(Short text fragments from websites)

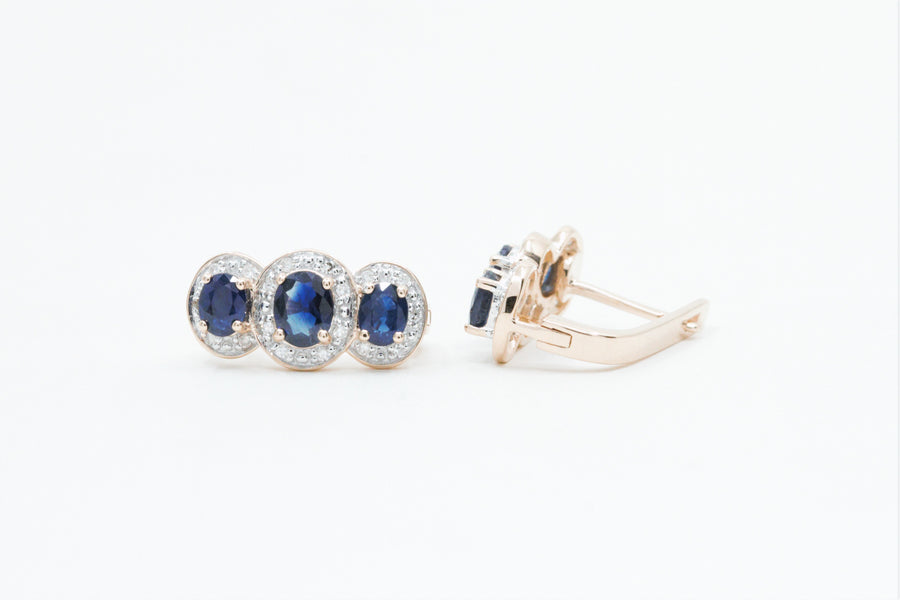 2.05 Ctw Sapphire & Diamond Earrings in 14K Rose Gold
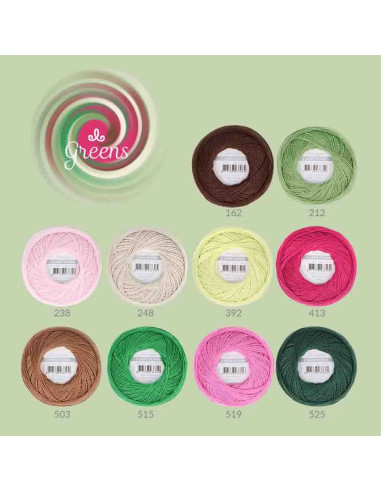 Estuche de 10 ovillos de algodón perlado Scheepjes Candy Floss N°10 - Verdes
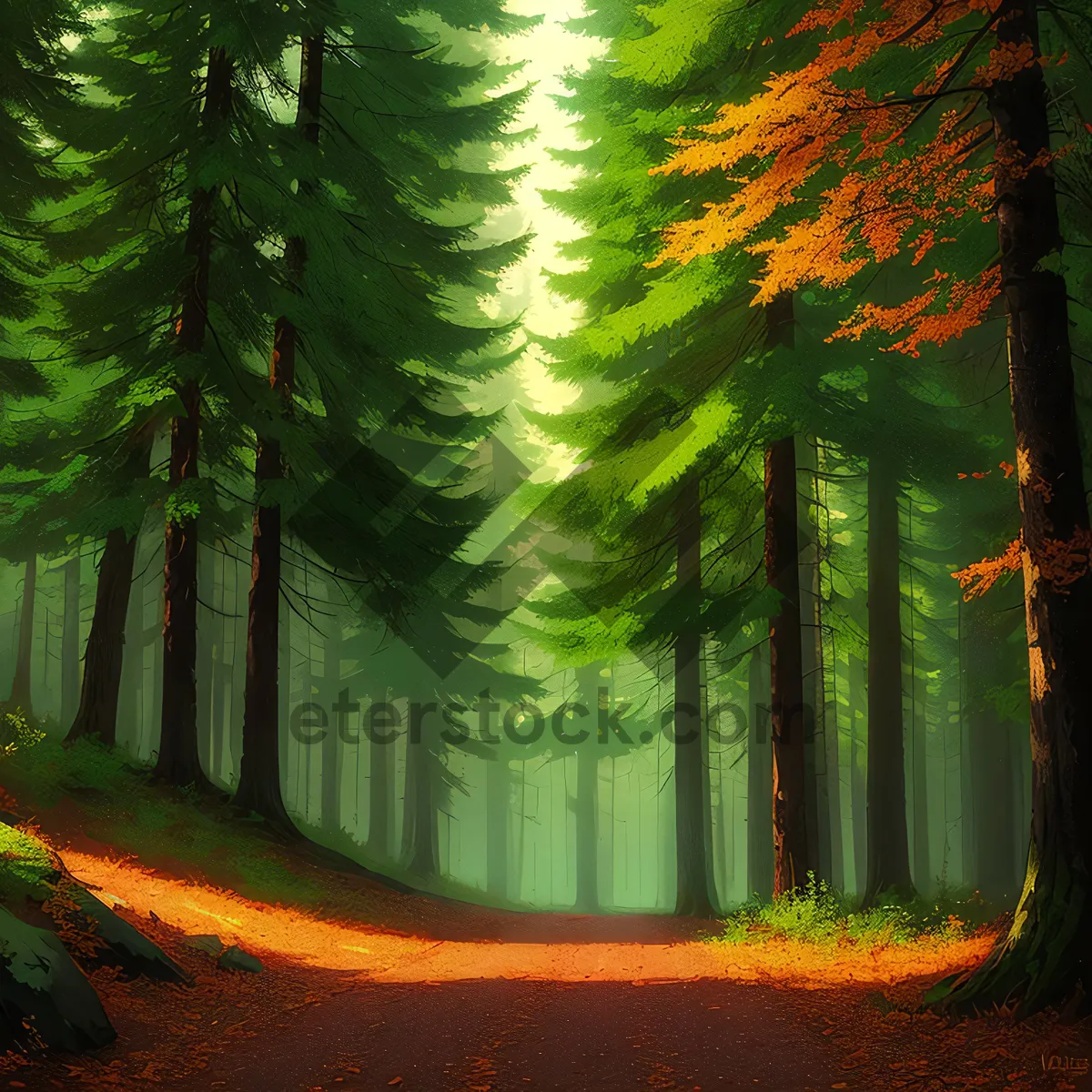 Picture of Serene Summer Forest Path with Sunlit Trees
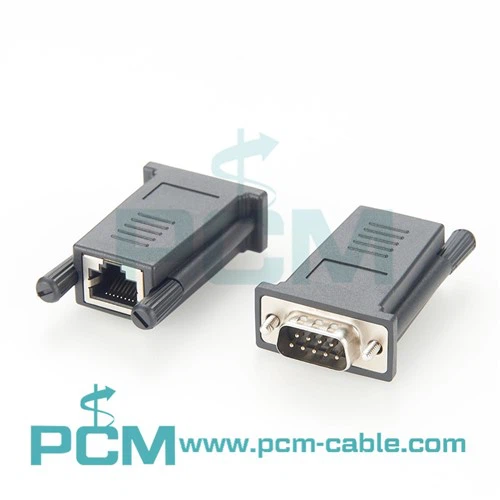 RJ45 към DB9 мъжки кросоувър адаптер, съвместим с Avocent ADB0037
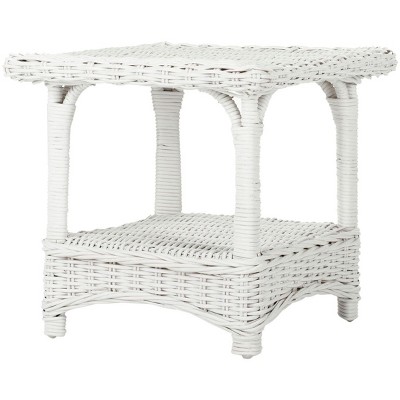 Bowen White Wicker and Rattan Box Accent Table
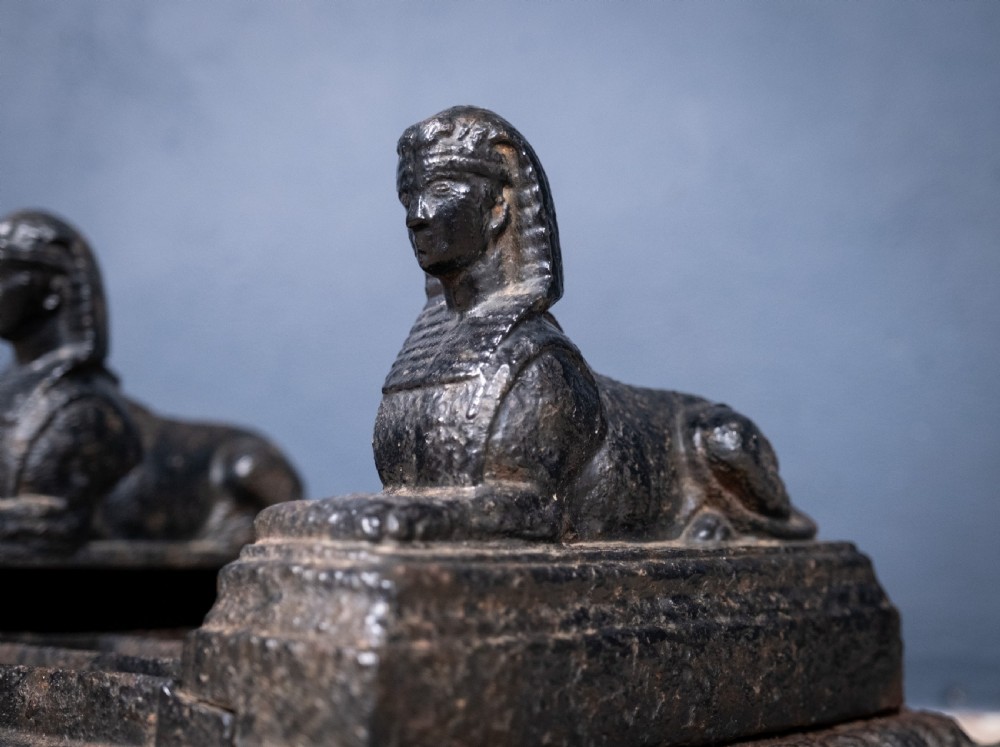 Cast Iron Egyptian Revival Sphinx Boot Scraper by Archibald Kenrick & Sons, c.1820 View VIII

TASK BRIEF:
Give back exactly the lines from the line with "Picture of Serene" through the final line of the entries above, and keep pictures out of the copy.

ANSWER AREA:
 Picture of Serene Summer Forest Path with Sunlit Trees
 RJ45 към DB9 мъжки кросоувър адаптер, съвместим с Avocent ADB0037
 Bowen White Wicker and Rattan Box Accent Table
 Cast Iron Egyptian Revival Sphinx Boot Scraper by Archibald Kenrick & Sons, c.1820 View VIII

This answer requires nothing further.